Write out again, unchanged, the line that has "X0000113210293200909241431" and each following line through the end of the entries below; leave pictures out.
____________________
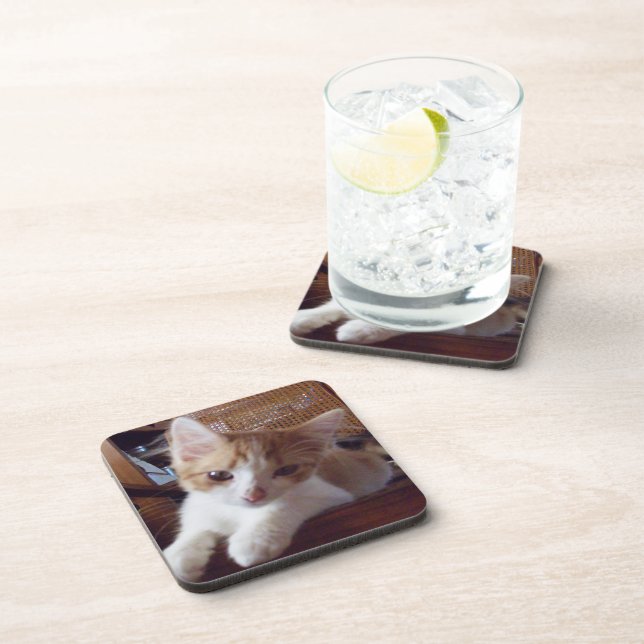 Posavasos Meow Cats 22 Coaster Set (Lado Derecho)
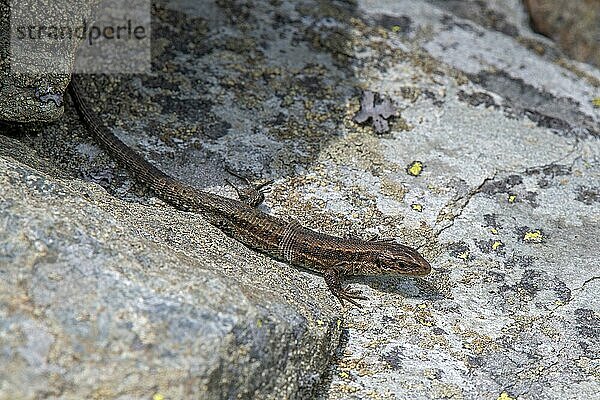 Waldeidechse (Lacerta vivipara) oder Bergeidechse  sonnt sich auf einem Stein  Bachler-Alm  Hart im Zillertal  Tirol  Österreich  Europa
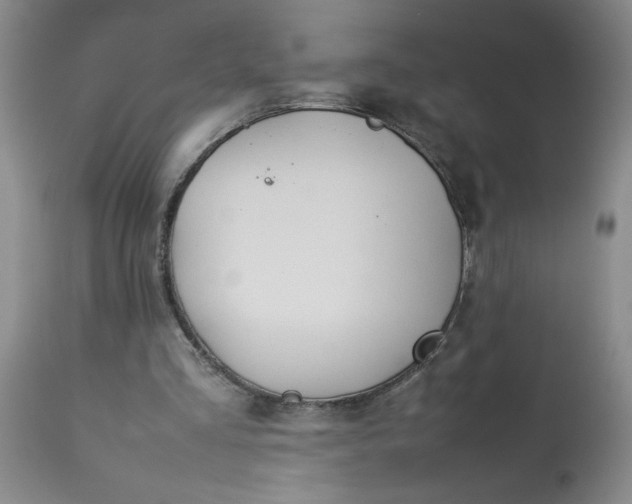 X0000113210293200909241431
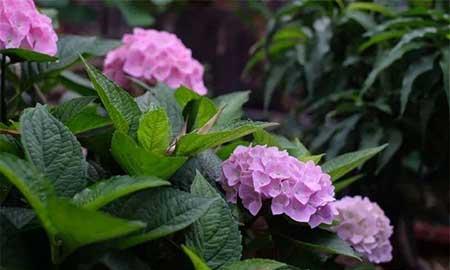 冬天能养的花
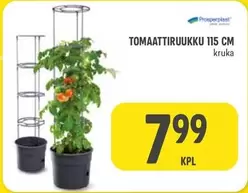 TOMAATTIIRUUKKU 115 CM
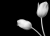 Фотообои Флора 11-120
____________________
- Worked solution:
 X0000113210293200909241431
 冬天能养的花
 TOMAATTIIRUUKKU 115 CM
 Фотообои Флора 11-120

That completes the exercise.